## ASSIGNED TASK
When you copy the material below, keep every line exact and omit the pictures.

## GIVEN DATA
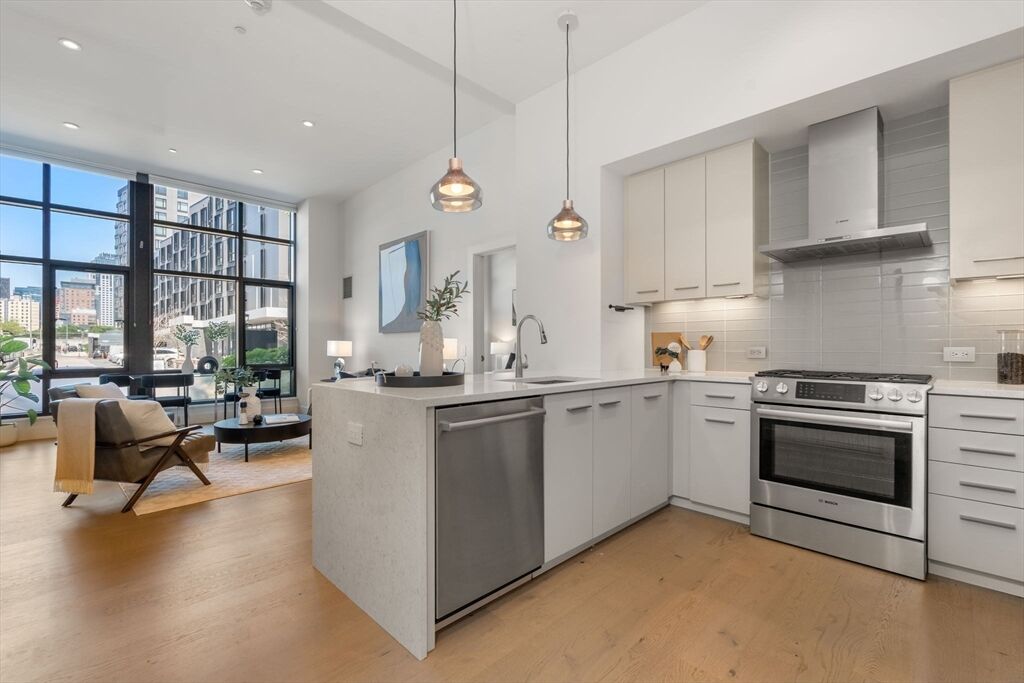 Property Photo:  40 Traveler St 115  MA 02118 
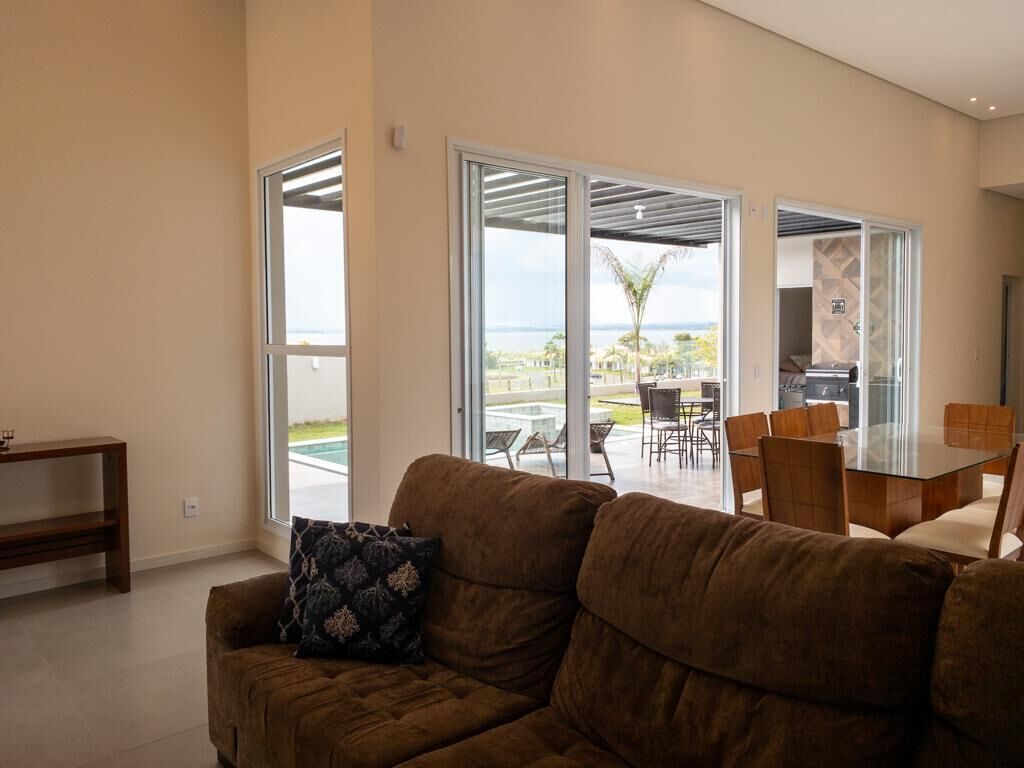 Graciosa - Piscina com Vista Para Represa e Clube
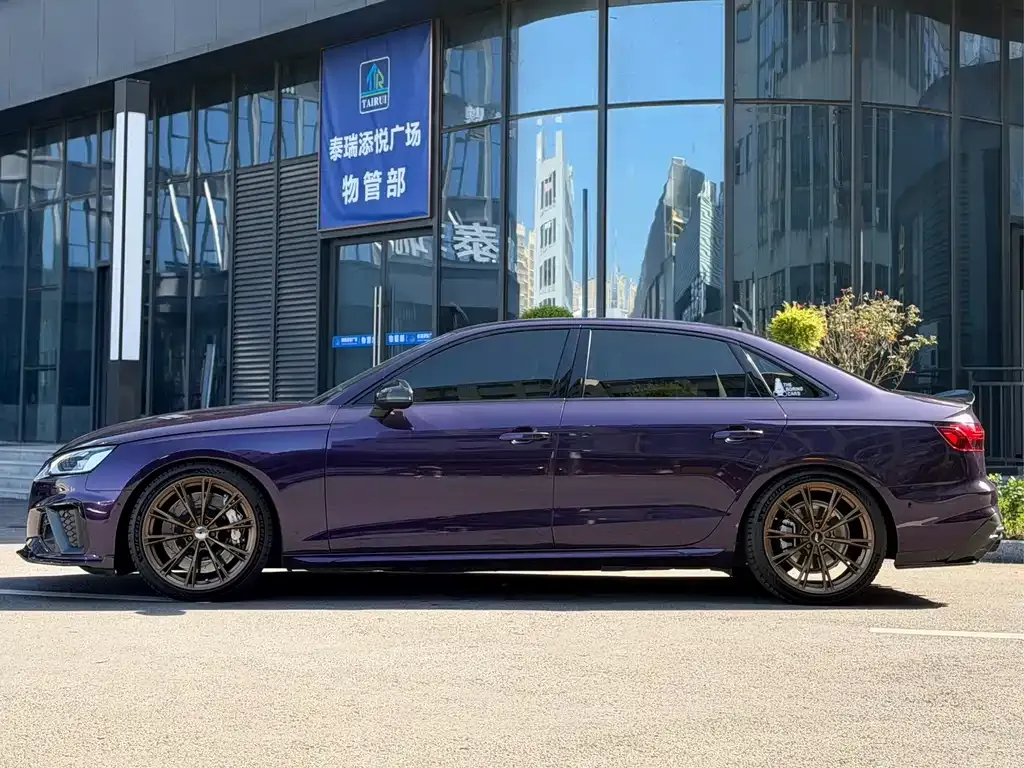 Audi A4L 2021 из CN, фото 7
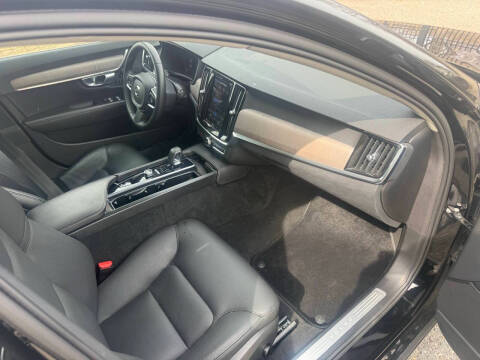 2023 Volvo S90 B6 Plus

## WORKED SOLUTION
 Property Photo:  40 Traveler St 115  MA 02118 
 Graciosa - Piscina com Vista Para Represa e Clube
 Audi A4L 2021 из CN, фото 7
 2023 Volvo S90 B6 Plus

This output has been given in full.